I could be wrong but when I first power the G120 board the I/O pins all appear to pull high until my code is loading into the processor. Is there anyway to change this. I have several devices that have enable (high) that I don’t want powered until all my code has finished loading. Any thoughts?
Add pull-down resistors.
PIN High Assignment not 1 nor 0. it is High impedance, so that pulling up with improve a 1 (resistor to Vcc), or pulling down will be 0 ! (Resistor to Vss)
We use 1 pulled down port as indicator for the host PCB that main app is starting and communication and devices are initialized. As long as this pin is low floating pin’s and other ghost data is ignored.

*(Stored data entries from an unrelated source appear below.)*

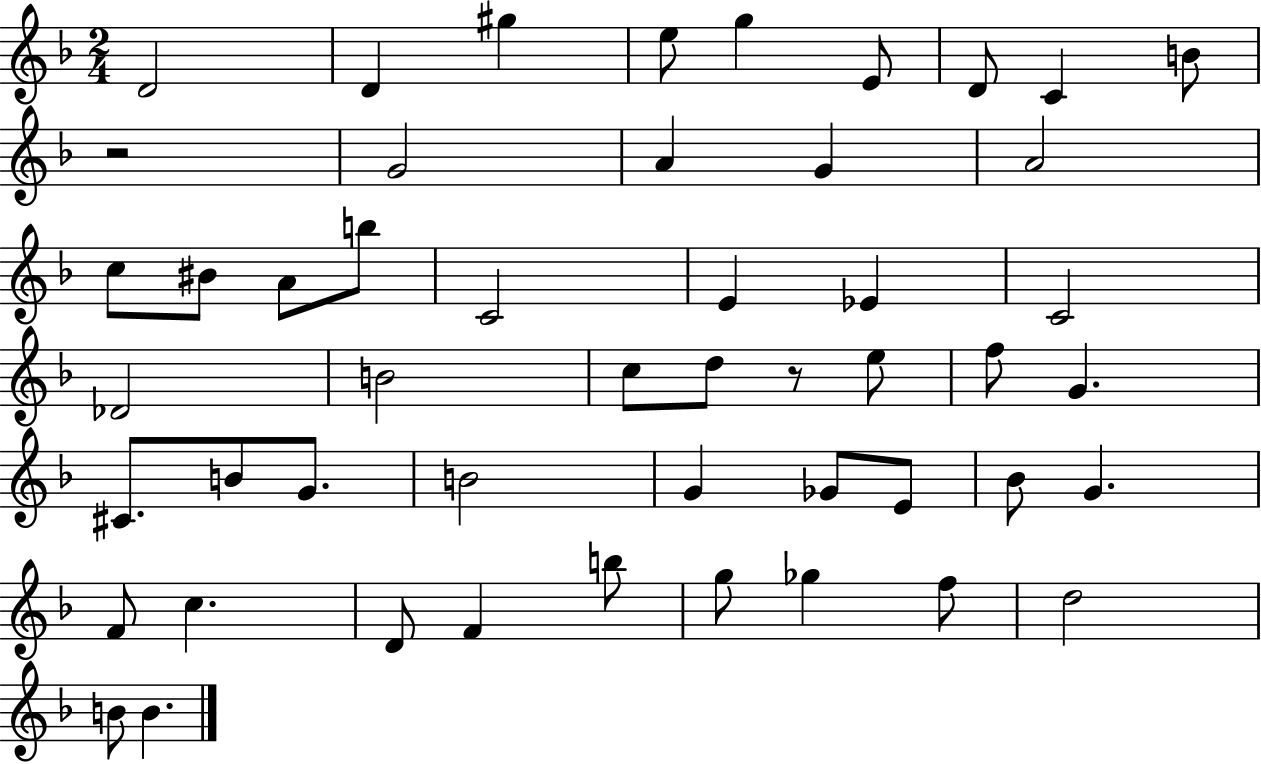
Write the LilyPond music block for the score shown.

{
  \clef treble
  \numericTimeSignature
  \time 2/4
  \key f \major
  d'2 | d'4 gis''4 | e''8 g''4 e'8 | d'8 c'4 b'8 | \break r2 | g'2 | a'4 g'4 | a'2 | \break c''8 bis'8 a'8 b''8 | c'2 | e'4 ees'4 | c'2 | \break des'2 | b'2 | c''8 d''8 r8 e''8 | f''8 g'4. | \break cis'8. b'8 g'8. | b'2 | g'4 ges'8 e'8 | bes'8 g'4. | \break f'8 c''4. | d'8 f'4 b''8 | g''8 ges''4 f''8 | d''2 | \break b'8 b'4. | \bar "|."
}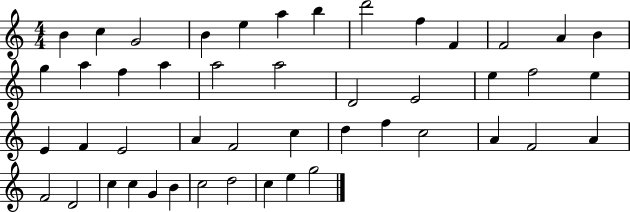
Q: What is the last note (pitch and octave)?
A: G5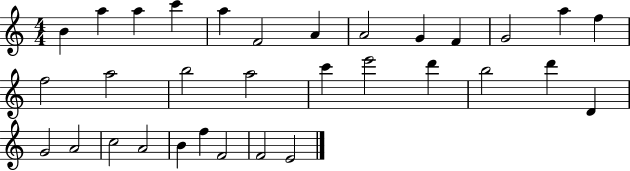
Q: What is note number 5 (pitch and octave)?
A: A5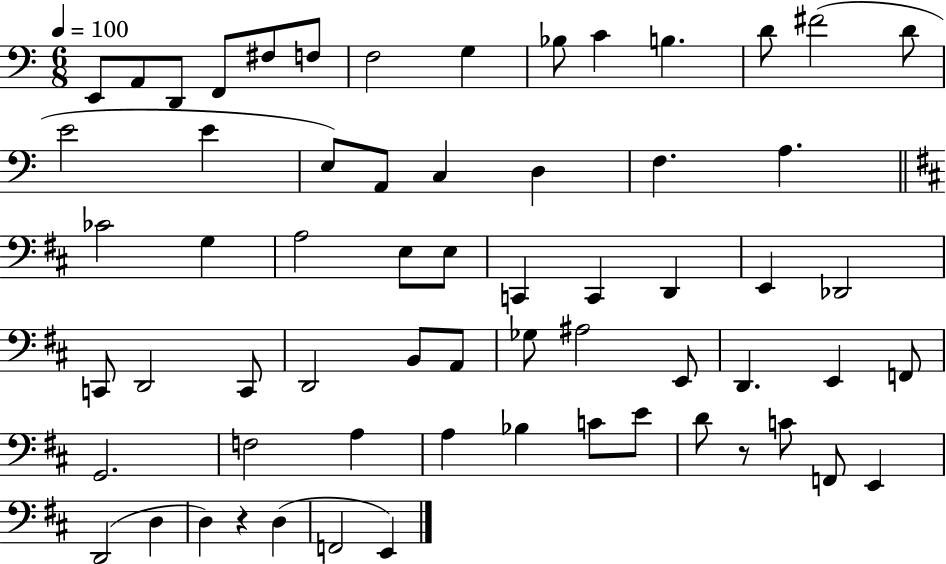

Sorry about this newbie question, could you explain how add this resistor to an output?
I have tried adding a 10K Ohm between the output and ground, but it does nothing.

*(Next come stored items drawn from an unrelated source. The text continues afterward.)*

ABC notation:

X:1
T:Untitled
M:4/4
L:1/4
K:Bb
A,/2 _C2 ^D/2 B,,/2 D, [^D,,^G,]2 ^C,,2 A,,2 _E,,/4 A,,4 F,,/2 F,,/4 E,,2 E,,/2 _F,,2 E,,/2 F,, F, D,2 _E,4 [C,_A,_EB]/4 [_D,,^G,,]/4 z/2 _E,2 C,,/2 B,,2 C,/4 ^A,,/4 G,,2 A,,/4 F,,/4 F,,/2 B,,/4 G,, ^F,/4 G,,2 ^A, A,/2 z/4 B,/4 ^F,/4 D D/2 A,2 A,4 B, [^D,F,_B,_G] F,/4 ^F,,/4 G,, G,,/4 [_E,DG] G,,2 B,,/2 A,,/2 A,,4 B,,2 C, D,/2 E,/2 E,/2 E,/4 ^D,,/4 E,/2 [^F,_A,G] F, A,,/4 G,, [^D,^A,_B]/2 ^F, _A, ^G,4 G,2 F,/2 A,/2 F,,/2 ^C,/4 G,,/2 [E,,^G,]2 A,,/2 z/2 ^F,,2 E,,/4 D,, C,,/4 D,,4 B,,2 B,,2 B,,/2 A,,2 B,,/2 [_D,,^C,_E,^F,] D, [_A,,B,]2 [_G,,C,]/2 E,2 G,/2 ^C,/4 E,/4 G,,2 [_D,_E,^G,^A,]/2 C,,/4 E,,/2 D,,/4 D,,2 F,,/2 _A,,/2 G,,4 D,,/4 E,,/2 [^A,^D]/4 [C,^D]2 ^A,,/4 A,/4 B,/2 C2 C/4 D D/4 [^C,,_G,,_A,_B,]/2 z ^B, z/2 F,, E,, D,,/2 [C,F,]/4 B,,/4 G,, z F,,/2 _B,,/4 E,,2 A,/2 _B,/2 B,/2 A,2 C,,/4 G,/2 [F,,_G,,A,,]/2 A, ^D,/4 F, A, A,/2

I have a LED (Grn 3v) and a 33 Ohm resistor connected to the output also.
The LED always turn on for a while when reset unit.
Can you draw a schematics of your setup?
@ Mogollon -
2 configurations are possible :
- Output as Pull-Up, that means when set to 0, the output is open, and when set to 1, it is grounded, so that you need a resistor between VDD and the output pin (Pull-up resistor) to avoid Vdd and GND to create shortcut,
- Output as Pull-down, means when set to 0, the output is open, and when set to 1, it is Vdd, so that you need a resistor between the output pin and GND (Puul-down) to avoid as well Vdd and GND to create a shortcut.
Pull-up :
VDD => Rohm => Led => OUTPUT PIN
Pull-down :
OUTPUT PIN => Led => Rohm => GND
Very texutal yes, but representative of what it could be…

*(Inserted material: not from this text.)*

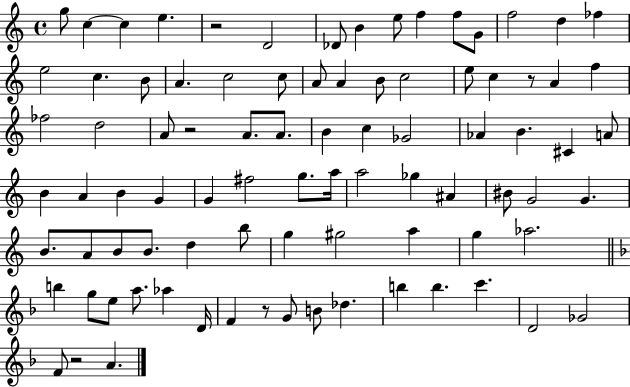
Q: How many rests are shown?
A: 5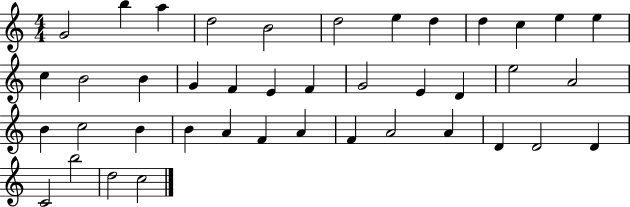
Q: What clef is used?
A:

It’s what I got, maybe I need a bigger resistor?
RA is 33Ohm
RD is my PullDown resistor 10KOhm
When the main function executes the led goes off, I think at that point the MCU set this port as an output. On reset or power on, the LED light up for a while.
@ LouisCpro
I see my mistake now, the pulldown resistor must be in series with the LED not parallel
And calculate a new value for it, it doesn’t light up very well.
Thanks so much!
@ Mogollon -
Why do you use and RD + and RA ?
To calculate the right RA value, apply this :
LED voltage : Vled
LED nominal current : Iled
VDD : Vdd
RA = (Vdd - Vled) / Iled
Ex:
Vled = 1.8V
ILed = 5 mA
Vdd = 3.3V
RA = (3.3 - 1.8) / 0.005 = 1.5 / 0.005 = 300 ohm
No RD needed I think…
I was thinking that the pull down has to be in parallel that is why I have that one there, now I now that is wrong.
If I use just a 300Ohm resistor I get the LED on between resets, the pulldown has to be bigger than that.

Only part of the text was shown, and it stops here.